Below are entries. Reproduce exactly the lines between the line holding "de Buyer onderhoudswax |12x100ml| 001000" and the line holding "The Great British", inclusive, and only those.

**** RECORDS SUPPLIED ****

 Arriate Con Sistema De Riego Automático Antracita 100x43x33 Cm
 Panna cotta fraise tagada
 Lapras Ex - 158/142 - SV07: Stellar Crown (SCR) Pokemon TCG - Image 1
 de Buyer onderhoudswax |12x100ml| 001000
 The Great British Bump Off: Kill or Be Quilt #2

****
**** RECORDS SUPPLIED ****

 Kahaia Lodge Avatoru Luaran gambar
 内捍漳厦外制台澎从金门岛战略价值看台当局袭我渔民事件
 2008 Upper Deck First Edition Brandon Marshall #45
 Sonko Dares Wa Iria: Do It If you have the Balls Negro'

****

### OUTPUT OF THE EXERCISE:
 de Buyer onderhoudswax |12x100ml| 001000
 The Great British Bump Off: Kill or Be Quilt #2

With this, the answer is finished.